=== Section Start ===

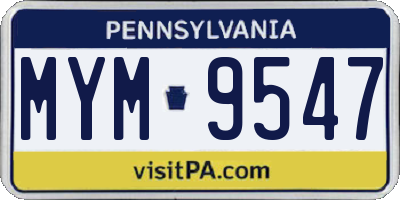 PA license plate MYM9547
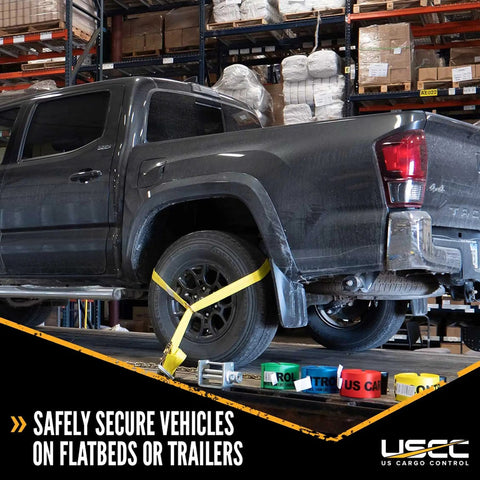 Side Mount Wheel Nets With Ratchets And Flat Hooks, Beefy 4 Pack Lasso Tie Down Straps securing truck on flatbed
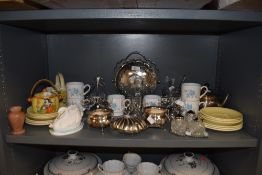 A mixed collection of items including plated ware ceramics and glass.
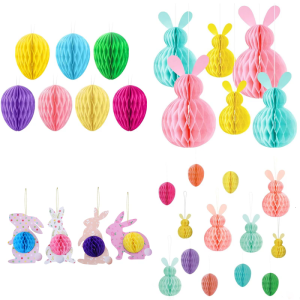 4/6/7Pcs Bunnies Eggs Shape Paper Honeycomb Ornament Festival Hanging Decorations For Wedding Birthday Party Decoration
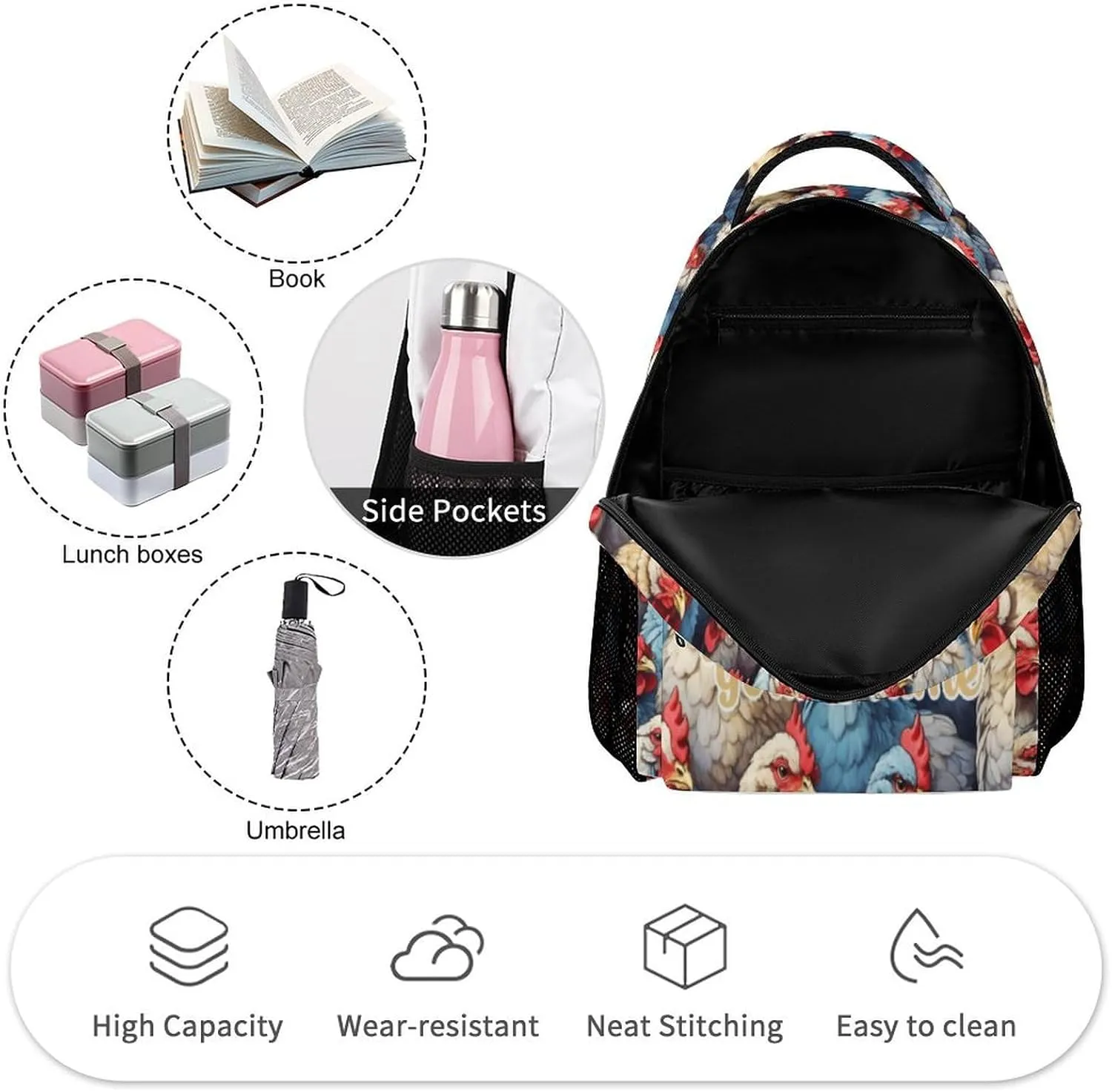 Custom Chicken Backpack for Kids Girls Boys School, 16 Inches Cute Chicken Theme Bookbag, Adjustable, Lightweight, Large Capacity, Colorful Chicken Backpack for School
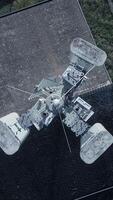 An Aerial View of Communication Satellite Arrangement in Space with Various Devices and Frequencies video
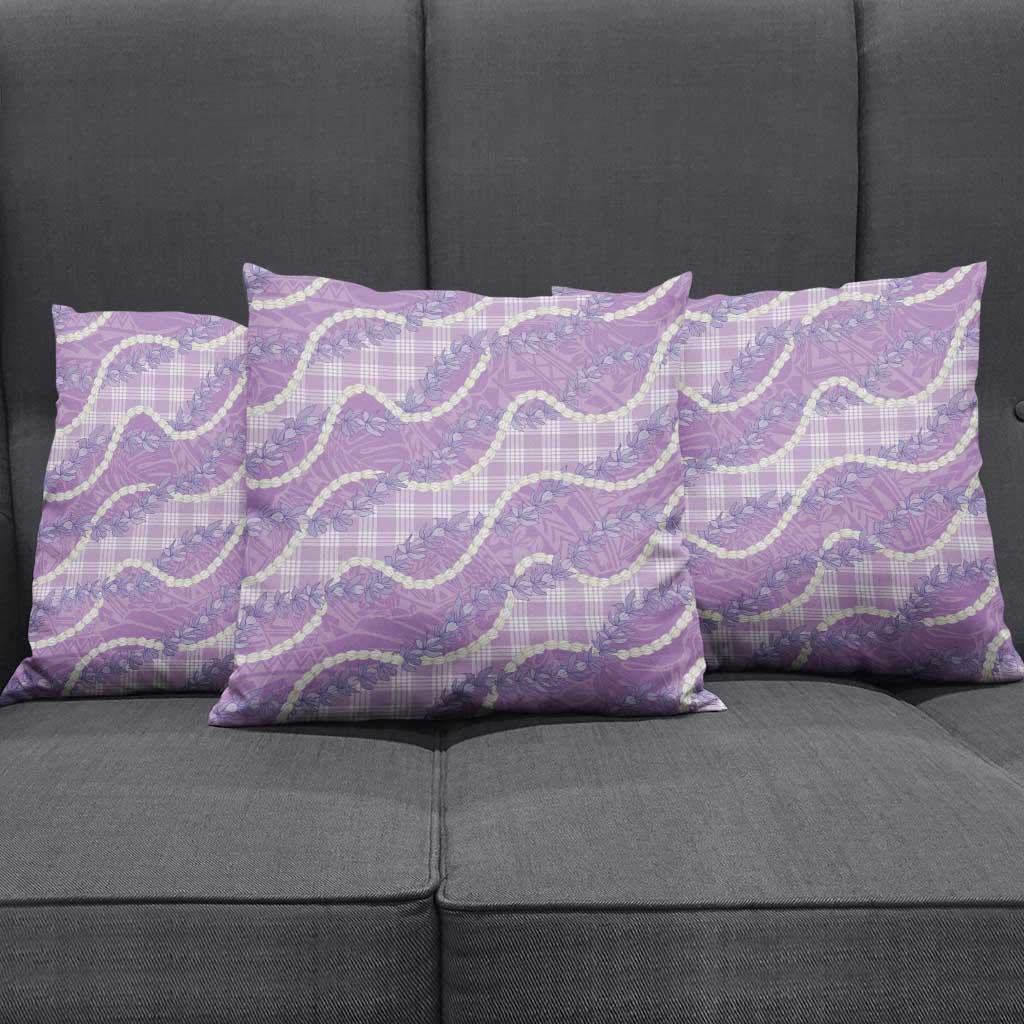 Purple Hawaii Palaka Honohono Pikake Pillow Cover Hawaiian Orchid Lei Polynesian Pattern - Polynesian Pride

=== Section End ===

◆ Description of the task: Beginning at the line above that contains "A mixed collection" and going on through the line that contains "Custom Chicken Backpack", please copy every line exactly, leaving the pictures out and adding nothing.

◆ Solution:
 A mixed collection of items including plated ware ceramics and glass.
 4/6/7Pcs Bunnies Eggs Shape Paper Honeycomb Ornament Festival Hanging Decorations For Wedding Birthday Party Decoration
 Custom Chicken Backpack for Kids Girls Boys School, 16 Inches Cute Chicken Theme Bookbag, Adjustable, Lightweight, Large Capacity, Colorful Chicken Backpack for School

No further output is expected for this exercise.